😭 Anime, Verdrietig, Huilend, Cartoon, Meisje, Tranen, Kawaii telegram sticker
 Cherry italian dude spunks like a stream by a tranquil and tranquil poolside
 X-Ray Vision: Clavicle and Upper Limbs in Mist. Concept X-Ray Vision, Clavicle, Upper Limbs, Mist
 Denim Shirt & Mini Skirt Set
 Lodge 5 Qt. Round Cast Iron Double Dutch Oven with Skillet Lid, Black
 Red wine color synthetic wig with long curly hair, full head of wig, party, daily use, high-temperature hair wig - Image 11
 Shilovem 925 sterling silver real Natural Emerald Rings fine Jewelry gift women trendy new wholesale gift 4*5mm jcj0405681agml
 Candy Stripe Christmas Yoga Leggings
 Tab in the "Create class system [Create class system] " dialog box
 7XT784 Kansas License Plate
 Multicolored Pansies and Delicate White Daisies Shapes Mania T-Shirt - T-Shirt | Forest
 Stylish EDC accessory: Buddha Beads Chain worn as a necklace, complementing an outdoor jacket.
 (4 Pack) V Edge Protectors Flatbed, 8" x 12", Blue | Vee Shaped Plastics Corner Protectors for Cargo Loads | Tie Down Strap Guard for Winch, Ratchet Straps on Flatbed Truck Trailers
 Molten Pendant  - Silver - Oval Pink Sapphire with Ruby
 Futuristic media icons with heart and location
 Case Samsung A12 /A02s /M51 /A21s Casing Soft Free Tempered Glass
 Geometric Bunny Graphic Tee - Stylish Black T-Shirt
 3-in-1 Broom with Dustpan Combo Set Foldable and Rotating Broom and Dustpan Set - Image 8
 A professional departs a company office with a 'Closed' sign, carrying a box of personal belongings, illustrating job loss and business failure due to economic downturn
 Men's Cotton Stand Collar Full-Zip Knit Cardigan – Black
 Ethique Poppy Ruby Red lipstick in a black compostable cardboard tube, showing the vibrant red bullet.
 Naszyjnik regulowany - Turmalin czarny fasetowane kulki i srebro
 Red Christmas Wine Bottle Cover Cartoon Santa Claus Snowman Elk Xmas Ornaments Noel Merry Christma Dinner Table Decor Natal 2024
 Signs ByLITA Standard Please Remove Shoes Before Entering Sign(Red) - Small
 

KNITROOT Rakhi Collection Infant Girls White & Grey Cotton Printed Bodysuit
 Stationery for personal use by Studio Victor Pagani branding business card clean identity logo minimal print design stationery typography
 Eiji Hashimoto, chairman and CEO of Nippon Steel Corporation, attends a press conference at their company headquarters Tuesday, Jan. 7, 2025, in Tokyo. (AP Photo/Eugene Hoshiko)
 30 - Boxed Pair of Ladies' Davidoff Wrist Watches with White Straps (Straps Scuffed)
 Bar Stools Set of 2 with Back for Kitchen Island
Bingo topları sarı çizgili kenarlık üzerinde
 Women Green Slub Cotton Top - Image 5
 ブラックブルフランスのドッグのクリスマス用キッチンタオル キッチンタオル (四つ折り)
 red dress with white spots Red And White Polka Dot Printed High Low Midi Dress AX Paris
==============================
__ACTIVITY__
Set down all of the entries again, keeping every line exactly as it is.

__YOUR RESPONSE__
😭 Anime, Verdrietig, Huilend, Cartoon, Meisje, Tranen, Kawaii telegram sticker
 Cherry italian dude spunks like a stream by a tranquil and tranquil poolside
 X-Ray Vision: Clavicle and Upper Limbs in Mist. Concept X-Ray Vision, Clavicle, Upper Limbs, Mist
 Denim Shirt & Mini Skirt Set
 Lodge 5 Qt. Round Cast Iron Double Dutch Oven with Skillet Lid, Black
 Red wine color synthetic wig with long curly hair, full head of wig, party, daily use, high-temperature hair wig - Image 11
 Shilovem 925 sterling silver real Natural Emerald Rings fine Jewelry gift women trendy new wholesale gift 4*5mm jcj0405681agml
 Candy Stripe Christmas Yoga Leggings
 Tab in the "Create class system [Create class system] " dialog box
 7XT784 Kansas License Plate
 Multicolored Pansies and Delicate White Daisies Shapes Mania T-Shirt - T-Shirt | Forest
 Stylish EDC accessory: Buddha Beads Chain worn as a necklace, complementing an outdoor jacket.
 (4 Pack) V Edge Protectors Flatbed, 8" x 12", Blue | Vee Shaped Plastics Corner Protectors for Cargo Loads | Tie Down Strap Guard for Winch, Ratchet Straps on Flatbed Truck Trailers
 Molten Pendant  - Silver - Oval Pink Sapphire with Ruby
 Futuristic media icons with heart and location
 Case Samsung A12 /A02s /M51 /A21s Casing Soft Free Tempered Glass
 Geometric Bunny Graphic Tee - Stylish Black T-Shirt
 3-in-1 Broom with Dustpan Combo Set Foldable and Rotating Broom and Dustpan Set - Image 8
 A professional departs a company office with a 'Closed' sign, carrying a box of personal belongings, illustrating job loss and business failure due to economic downturn
 Men's Cotton Stand Collar Full-Zip Knit Cardigan – Black
 Ethique Poppy Ruby Red lipstick in a black compostable cardboard tube, showing the vibrant red bullet.
 Naszyjnik regulowany - Turmalin czarny fasetowane kulki i srebro
 Red Christmas Wine Bottle Cover Cartoon Santa Claus Snowman Elk Xmas Ornaments Noel Merry Christma Dinner Table Decor Natal 2024
 Signs ByLITA Standard Please Remove Shoes Before Entering Sign(Red) - Small
 

KNITROOT Rakhi Collection Infant Girls White & Grey Cotton Printed Bodysuit
 Stationery for personal use by Studio Victor Pagani branding business card clean identity logo minimal print design stationery typography
 Eiji Hashimoto, chairman and CEO of Nippon Steel Corporation, attends a press conference at their company headquarters Tuesday, Jan. 7, 2025, in Tokyo. (AP Photo/Eugene Hoshiko)
 30 - Boxed Pair of Ladies' Davidoff Wrist Watches with White Straps (Straps Scuffed)
 Bar Stools Set of 2 with Back for Kitchen Island
Bingo topları sarı çizgili kenarlık üzerinde
 Women Green Slub Cotton Top - Image 5
 ブラックブルフランスのドッグのクリスマス用キッチンタオル キッチンタオル (四つ折り)
 red dress with white spots Red And White Polka Dot Printed High Low Midi Dress AX Paris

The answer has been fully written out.